This repository contains the code used for analysis in our work on the short term air pollution changes in the USA. The preprint can be found here.
The code uses bootstrapped seasonal autoregressive time series models to make counterfactual predictions for pollutant concentrations based on historical data. These predictions are compared to the the actual pollutant concentrations to estimate the corresponding change during the pandemic.
-
confounders_all.csv contains the temperature, precipitation and relative humidity values for each state as a function of time.
-
data_alltimeno2.csv contains the measured NO2 concentrations for each state as a function of time.
-
data_alltimepm25.csv contains the measured PM2.5 concentrations for each state as a function of time.
-
df_regions.csv contains the region designations for each state.
-
pop_density_census2010.csv contains the population density (per square mile) of each state based on the 2010 census. Sourced from: https://web.archive.org/web/20111028061117/http://2010.census.gov/2010census/data/apportionment-dens-text.php
-
state_policy_changes_1.csv contains the dates of different covid-related interventions for each state.
-
df_change_pm25.csv and df_change_no2.csv are obtained as outputs of the SARIMA analysis performed using the codes Rcode_PM25_figure1.R and Rcode_NO2_figure1.R respectively. These files contain the estimated change in pollutant concentrations following the state of emergency declaration in each state, based on our analysis.
-
NEI_sector_report.zip This file needs to be unzipped prior to running Rcode_regression_NEI_WLS.R as it is too large to be stored uncompressed on github. Running
unzip NEI_sector_report.zip
will unzip the file. This data is sourced from the EPA National Emission Inventory report -
df_box_NO2_2019_2020_Jan_Apr.csv is obtained by merging from the outputs of the SARIMA models ran for 2019 (year of prediction) and 2020 (year of prediction) seperately. This file is required to create Figure 4, which is crated by running Figure4_NO2.R.
-
df_box_PM25_2019_2020_Jan_Apr.csv is obtained by merging from the outputs of the SARIMA models ran for 2019 (year of prediction) and 2020 (year of prediction) seperately. This file is required to create Figure 4, which is crated by running Figure5_PM2.5.R.
We have included the file covid_sarima_env.yml
which can be used to create a conda environment with all of the packages required to run the code in this project.
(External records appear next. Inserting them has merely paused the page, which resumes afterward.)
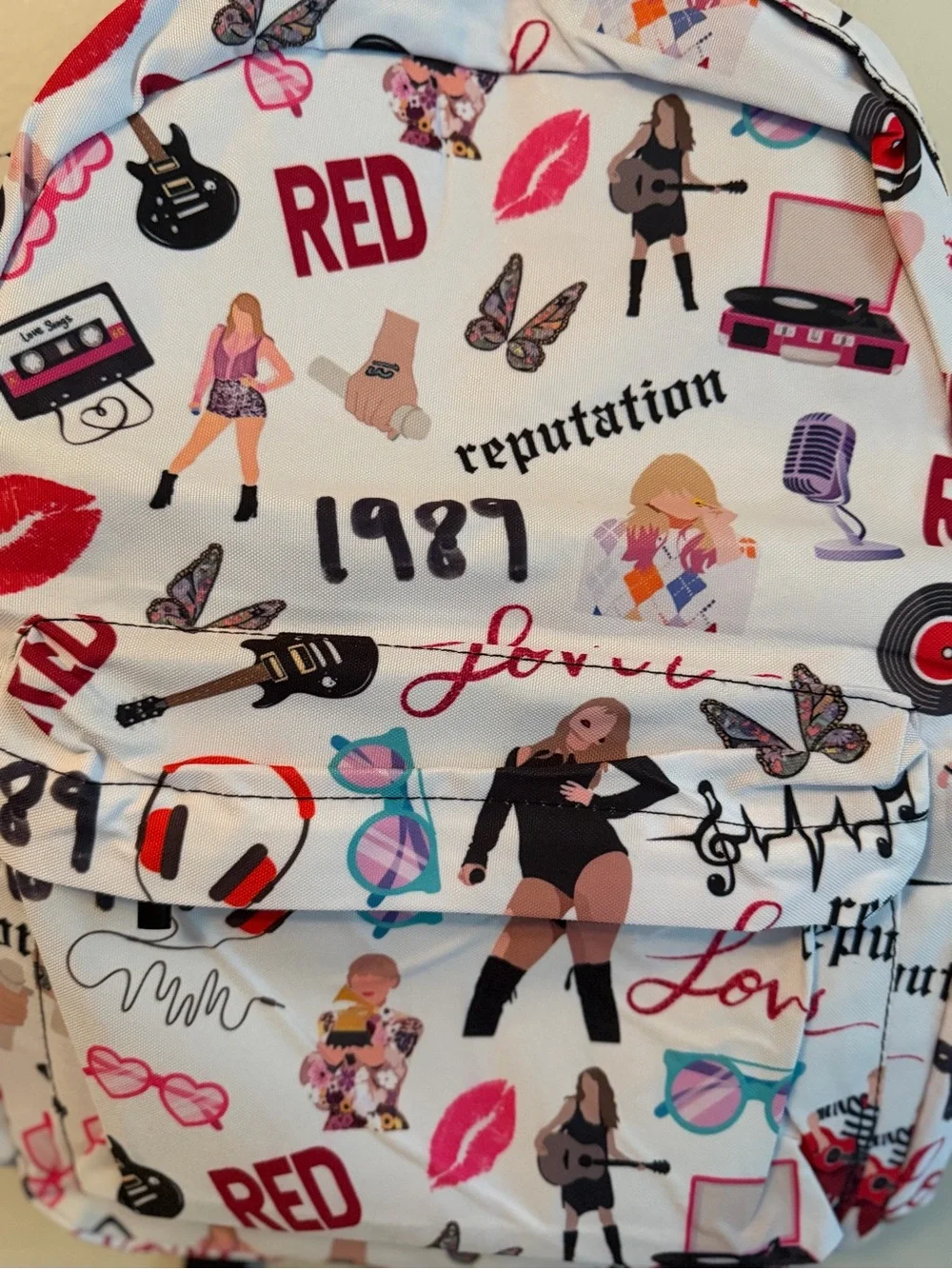 Taylor Swift nwot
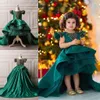 2022 Emeraude Green Mini Quinceanera Robes Pareant Little Filles Haute Low Ruffle Gold Gold Robe de soirée avec communion à manches courtes Robes de soirée officielles Enfants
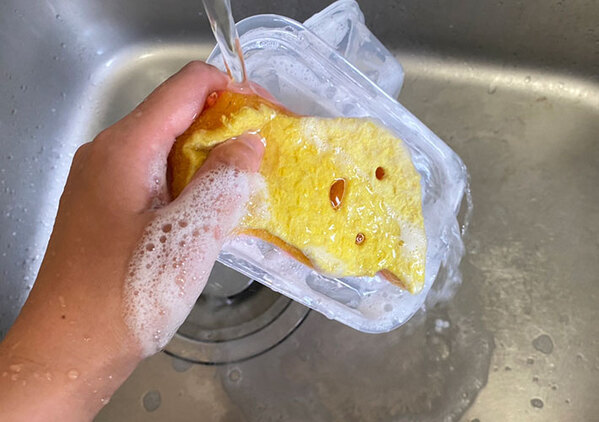 よくある普通のタッパーに見えるだろ？フタを外してみると…　「無印は裏切らん！」「もうこれしか使えない」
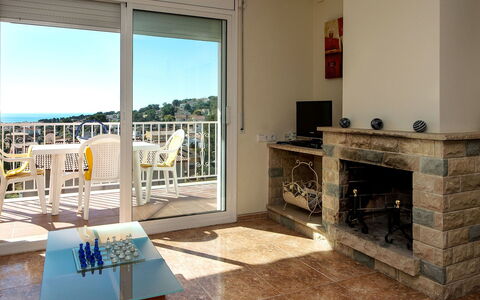 Juan: Propriété, Pièce, Bâtiment, Salon, Sol, Design Intérieur, Foyer, Maison, Cheminée, Immobilier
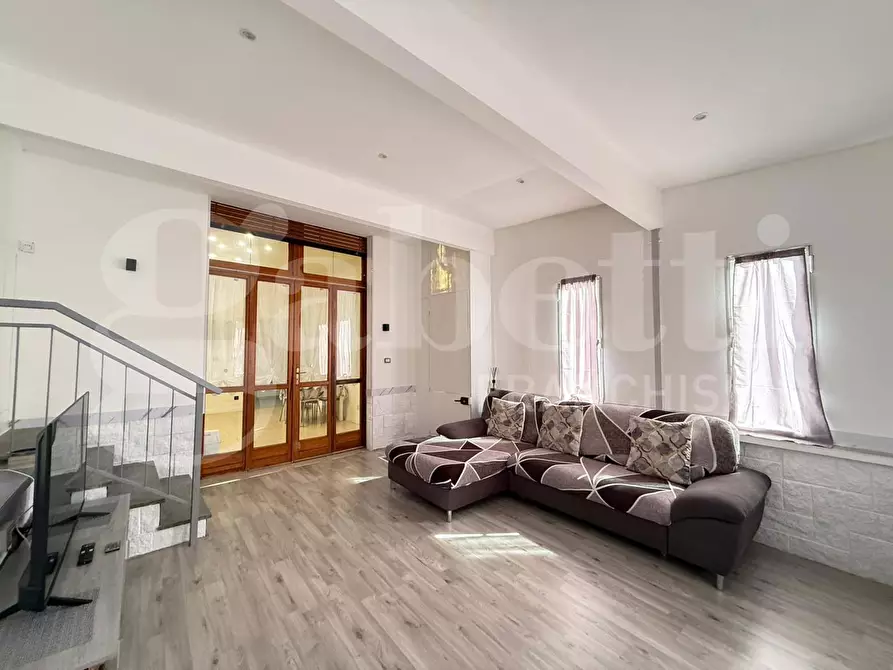 Immagine 2 di Appartamento in vendita  in Via Rossini a Alpignano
To create the environment, install conda if you don't have it already then run:
conda env create -f covid_sarima_env.yml
from the project directory
Prior to running the code, this repo should be cloned locally. The command to clone the repo is:
git clone git@github.com:poojatya/USA-COVID-state-level-air-pollution-SARIMA-analysis.git
We recommend executing the code files in this repo using the Rscript
command.
Note: Currently the num_resamples
value in all files that contain it is set to 10 for testing purposes. To reproduce the papers' results, it will need to be changed to 1000.
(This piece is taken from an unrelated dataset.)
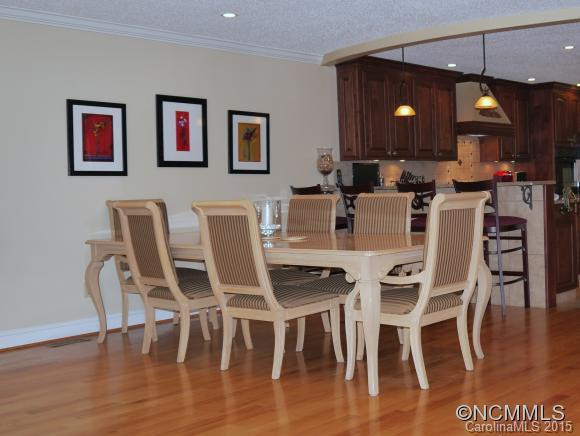 127 Cloverleaf Lane - Photo 5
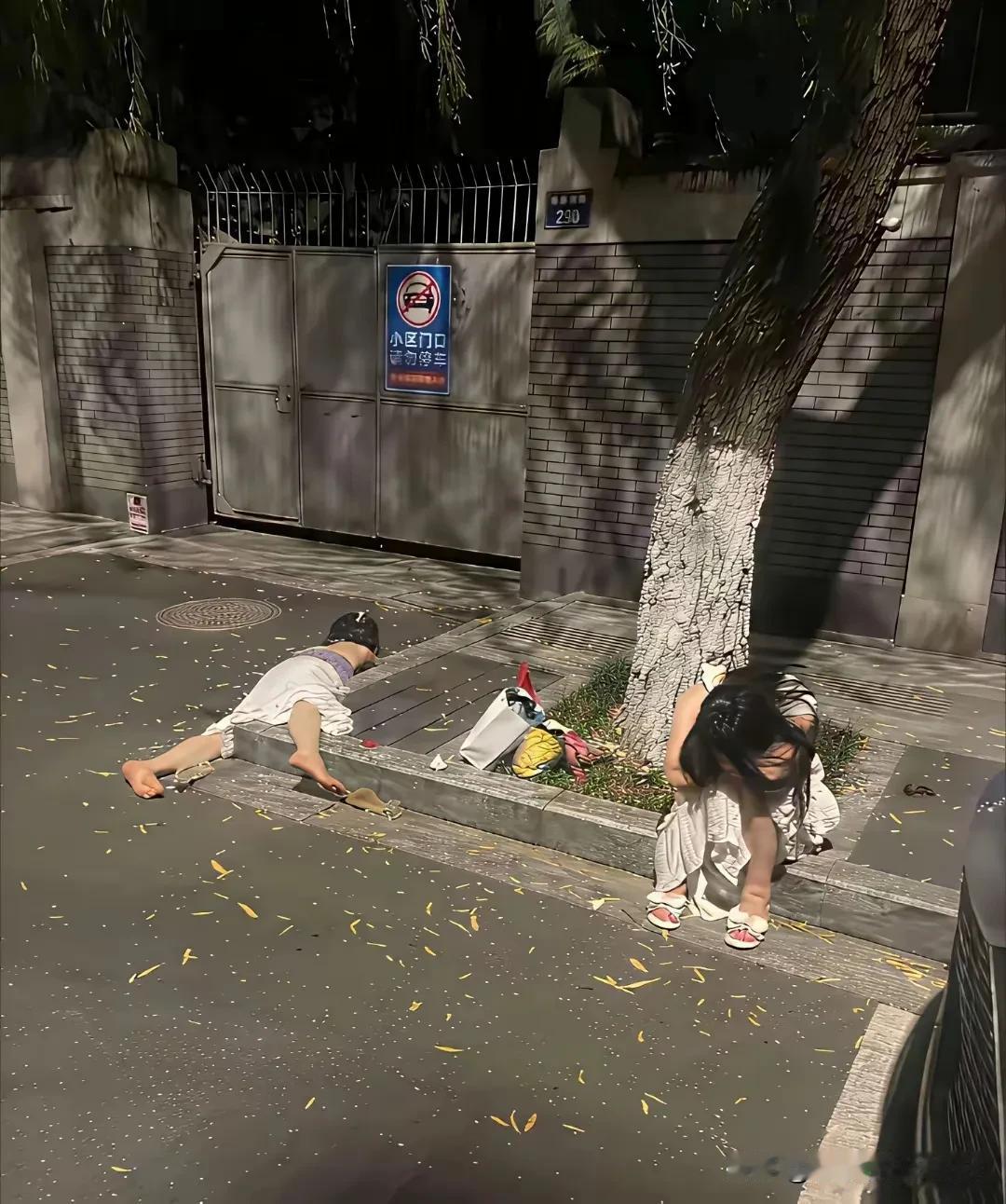 为了生活，也是够拼得了！谁不是为了碎银几两而忙忙碌碌，理解但不支持这种做法，女孩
The code should be run in the following order:
For NO2,
Step 1. run Rcode_NO2_figure1.R (you can reduce the number of bootstraps to 10 by changing num_resamples = 1000 to num_resamples = 10. this will save hours of run time).
Step 2. save the dataframe df_change_no2 that is generated in this code as df_change_no2.csv. (you can also use df_change_no2.csv file that is in this repo).
For PM2.5,
Step 3. run Rcode_PM25_figure1.R (you can reduce the number of bootstraps, num_resamples = 10 by changing num_resamples = 1000 to num_resamples = 10. this will save hours of run time).
Step 4. save the dataframe df_change that is generated in this code as df_change_pm25.csv. (you can also use df_change_pm25.csv file that is in this repo).
Finally regression,
Step 5. run the regression analysis Rcode_regression_NEI_WLS.R
Note: This code performs regression analysis for both NO2 and PM2.5. If you wish to only run the code for one pollutant, you will need to comment out the analysis of the other pollutant to avoid getting an error.